Take my friend Dan. He’s intelligent, outgoing, and good-looking and the kind of guy that a lot of people would be into — Asians like him because he’s, well, white and attractive (another topic altogether of how/why Asians are into white men); the other caucasians like him since he’s probably holds the same ideals, has had a similar upbringing, and can speak English (though of course, that’s an assumption nonetheless); and everyone else… well, North American society is so saturated with white folks — think of all the movies, music, tv shows that feature prominent white characters or have an all-white cast — that it’s become the standard of beauty. Dan is a common multiple amongst many, many people but it works both ways too. He sees past the color of your skin, and he doesn’t hold any sort of sexual racism. As easily as people are into him, he’s into them the same; the greater amount of multiples (in this case, people), theoretically, the greater the chance of liking.

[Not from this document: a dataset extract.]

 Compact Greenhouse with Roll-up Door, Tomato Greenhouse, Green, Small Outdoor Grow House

With that principle in mind, the laws of sexual racism come into play. Browse the men for men personal ads on craigslist and you’ll find the most unabashedly open racists there. Nothing suggesting death or a one-race by any means, but something different. I particularly like how, in an attempt to cover up their racism, some guys write “Sorry, it’s just a preference” after stating something like, “Not into Asians”. The term “Asians”, in this case, encompasses those of Chinese, Japanese, and Korean backgrounds and it appears that most of the people who say such things are caucasians or other races. Rarely do you find ads saying, “Not into caucasians” (I won’t delve too much into sexual racism because I could go on and on and since this is about The Common Multiples Theory, I had to mention it briefly).

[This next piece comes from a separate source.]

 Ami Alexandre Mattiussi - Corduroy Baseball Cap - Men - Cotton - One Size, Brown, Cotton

Does this mean that being Asian automatically puts you at a disadvantage to having multiples? Not necessarily. Take my friend Matt. He’s quirky, humorous, and fun to be around. He’s also half-filipino and half-vietnamese and although not “Asian”, he is clearly is. But he’s had relationships before (how many, I don’t know but they all seem fairly significant); and having been born and raised in Vancouver, he has an air of Western culture to him that make him seem more “white” than traditionally Asian. I believe Matt and others similar to him are the exception — not because they are white-washed but because they are outgoing and charming enough to allow others to see past their skin and into their personality. It also probably doesn’t hurt that he dresses not flamboyantly, but attractively, in the sense that people would notice him on the street. Matt strikes me as the kind of person who doesn’t have to look very hard to find someone who would like and want to date him, and despite the fact that he is Asian, he also has many common multiples.

So where do I fit into this theory? Shortly put, I feel like a prime number, only divisible by 1 and itself (one being my left hand and itself being me).

I’m not as outgoing as Dan nor Matt (or at least not upon first meeting), and I don’t feel like I particularly stand out against a crowd like Matt. I’m not super Asian, having grown up here in Vancouver, so I don’t hold those traditional beliefs nor am I taking any ESL coursese. Though Asians are attracted to other Asians, I’ve found that a lot of them are closeted or looking for someone more like them/a white boyfriend, and I’m not that. Caucasian guys probably rule me out because of how I look (unless someone tells me otherwise, that’s what I’m going with because honestly, very few have actually even replied to my messages or whatnot). At the same time, I’m not super white-washed — I’m sort of this in between hybrid of the two. At times I feel like an anomaly while everyone around me and their multiples are out getting it on.

Perhaps I’ve failed to taken into account another common factor between Dan and Matt — that both go out clubbing. Though this may seem trivial, clubbing is equivalent in the gay world as Comic Con to the geeks. It’s the meeting place (among other things) for the queers to go and meet others like them, and where I don’t particularly have fun.

Whatever the case, I remain a prime number, at least for the time being.